Diz que, diferente de muitos albinos, não enfrentou barreiras na sua vida e foi na sua família em que encontrou o alicerce de que precisava.

“Tive todo apoio e carinho quanto do lado dos meus pais, da comunidade, igreja e, em termos das responsabilidades que assumi, não entendi que estivessem a dar oportunidade a um albino, mas alguém competente que pudesse realizar com zelo as funções que lhe eram confiadas”.

Diz que, mesmo na infância, poucas foram as pessoas que tentaram o colocar para baixo e acredita que mesmo as crianças, que por algum momento o desprezaram, o fizeram por imitar algum adulto, mas nunca foi recorrente.

“Nunca coloquei em mente a questão da discriminação. Algumas vezes ouvi a expressão xidjana, mas eu dizia para mim mesmo, esta é a palavra que os bitongas usam para chamar os albinos, pois até hoje ninguém me disse como se diz albino nessa língua”, disse Jamisse aos risos.

O problema de vista é algo que também não o afecta muito, conduz com a prudência que falta a muitos e, mesmo no Brasil onde tirou a carta e em Moçambique, não foi confrontado sobre a sua capacidade.

“Consegui vencer os tabus e apercebi-me de que ser diferente é ser especial”

Aos 21 anos, Helena Cheuzia é modelo e embaixadora de algumas marcas nacionais. É mais uma albina que deixou as dúvidas de lado e venceu os preconceitos.

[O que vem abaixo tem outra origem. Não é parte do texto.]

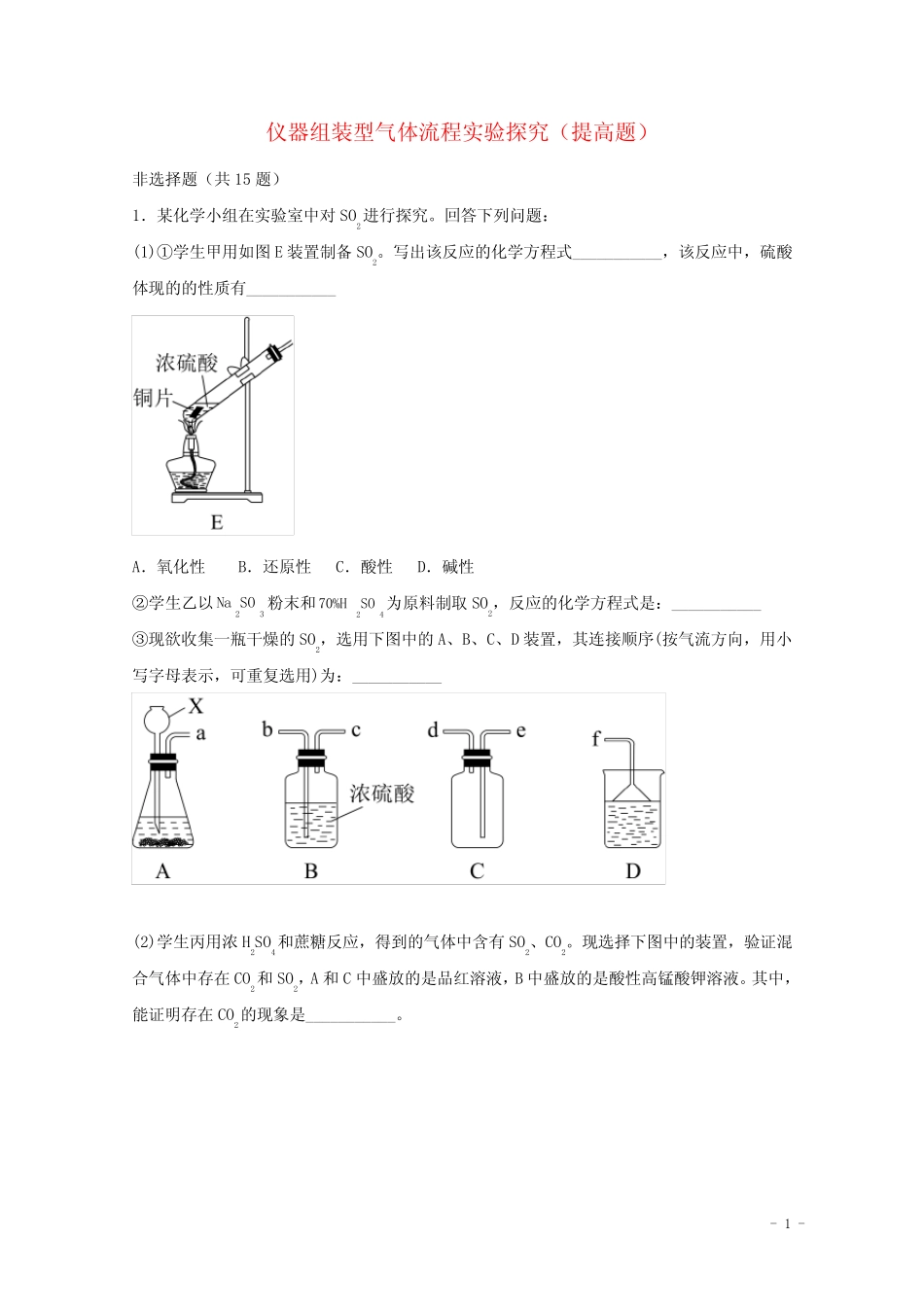 2022届高三化学一轮复习实验专题强基练20仪器组装型气体流程实验探究提 ..._第1页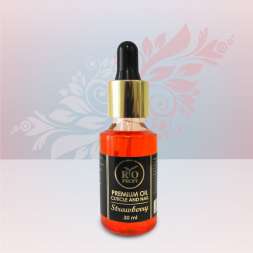 Rio Profi Минеральное масло для кутикулы Клубника, 30 мл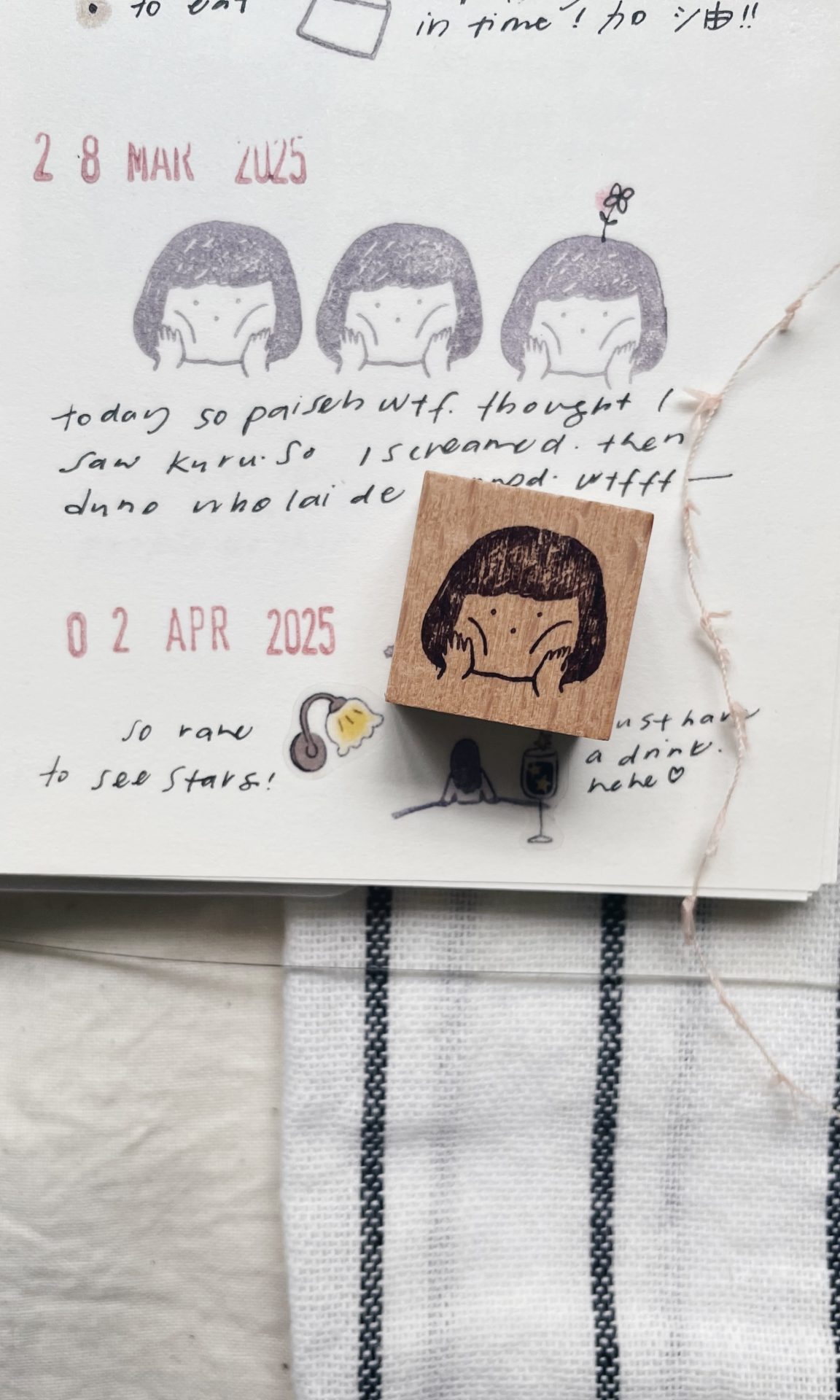 Ms Bulat Rubber Stamp - Squish Squish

Cheuzia conta que, na sua infância, chegou a questionar a Deus o motivo de ser albina, pois sofreu muito por conta da discriminação e pelo medo de ser raptada para fins obscuros, como acontece a alguns albinos.

“Não entendo por que as pessoas têm preconceito, pois os albinos fazem o que qualquer pessoa faz, eu brinco, vejo, falo, posso até ter dificuldades, mas as pessoas levam isso para o lado mau”, lamentou, chorando…

Porém, as lágrimas não duraram muito tempo; limpou-as, pois recordou que, em sua volta, existem pessoas que a amam e conseguem ver as suas qualidades.

“Mesmo com todo mal, consegui vencer os tabus e apercebi-me de que ser diferente é ser especial, tenho dificuldades em muitas áreas, mas, sempre que caio, levanto, porque sei que o caminho é para frente”, concluiu, orgulhosa.